Task item
Your answer must be the full listing, reproduced exactly, minus any pictures.

Raw data
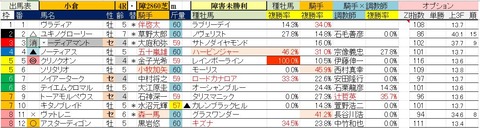 2.18　小倉4R　障害未勝利・予想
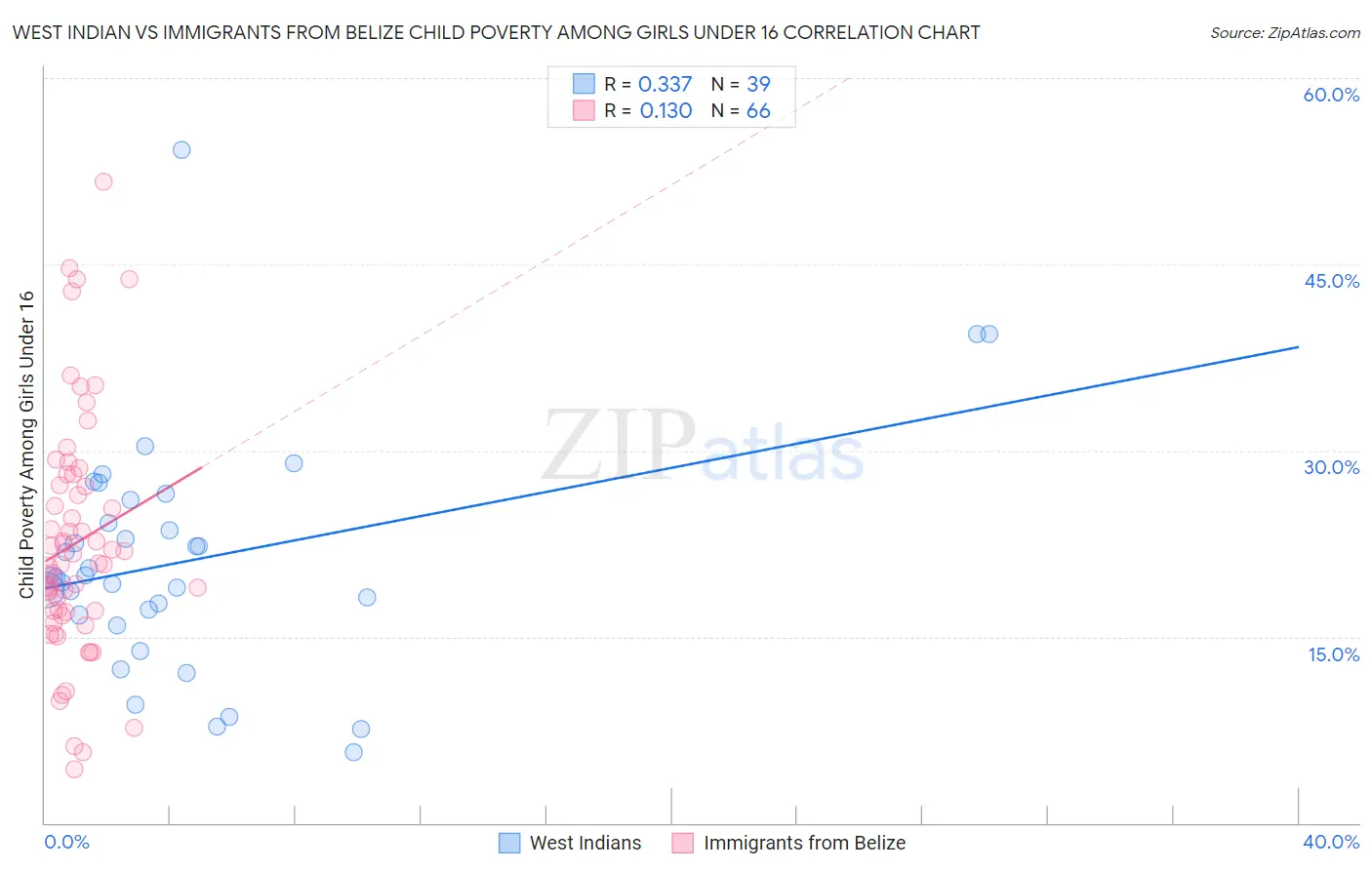 West Indian vs Immigrants from Belize Child Poverty Among Girls Under 16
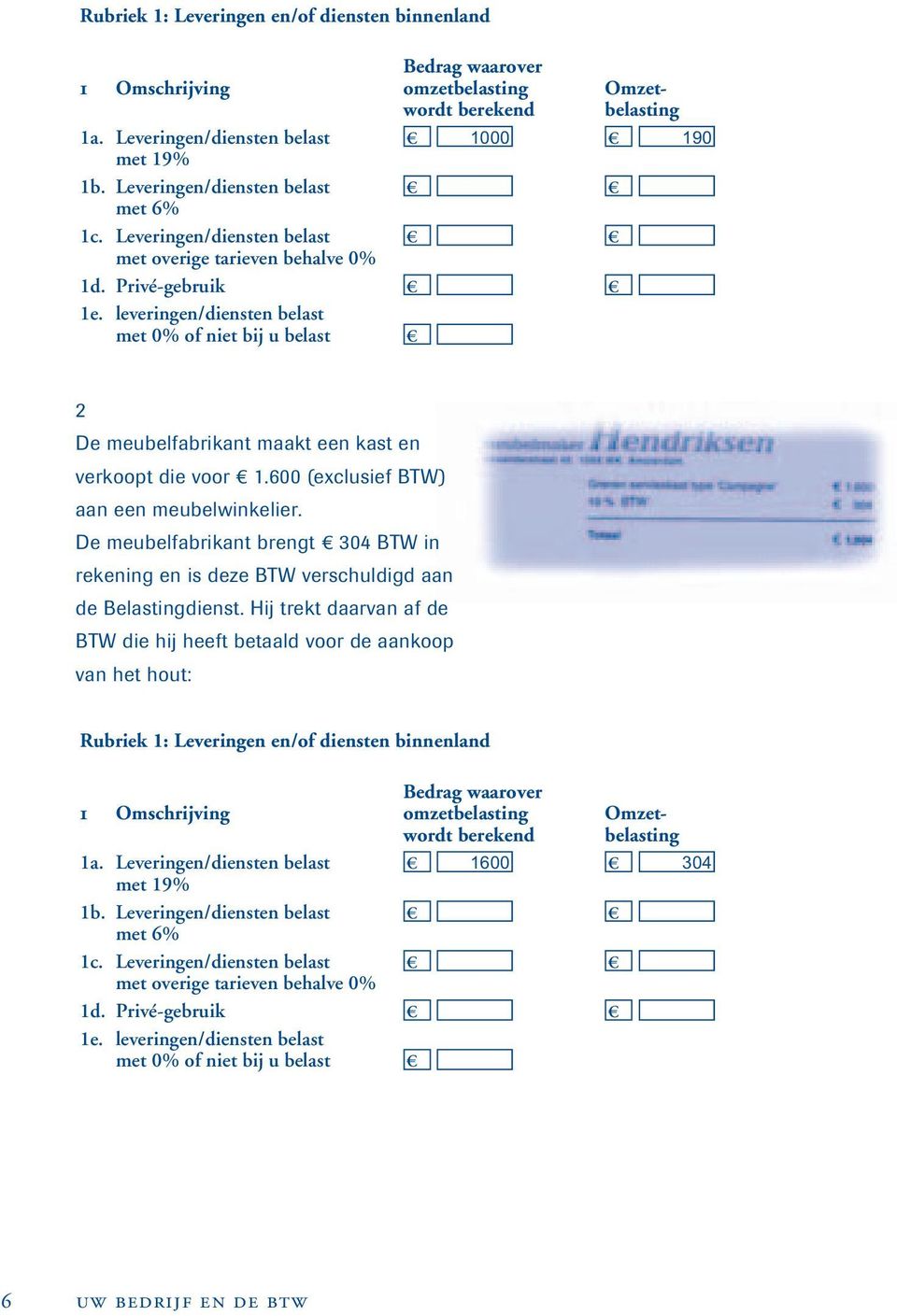 leveringen/diensten belast met 0% of niet bij u belast 2 De meubelfabrikant maakt een kast en verkoopt die voor 1.600 (exclusief BTW) aan een meubelwinkelier.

Response
 2.18　小倉4R　障害未勝利・予想
 West Indian vs Immigrants from Belize Child Poverty Among Girls Under 16
 leveringen/diensten belast met 0% of niet bij u belast 2 De meubelfabrikant maakt een kast en verkoopt die voor 1.600 (exclusief BTW) aan een meubelwinkelier.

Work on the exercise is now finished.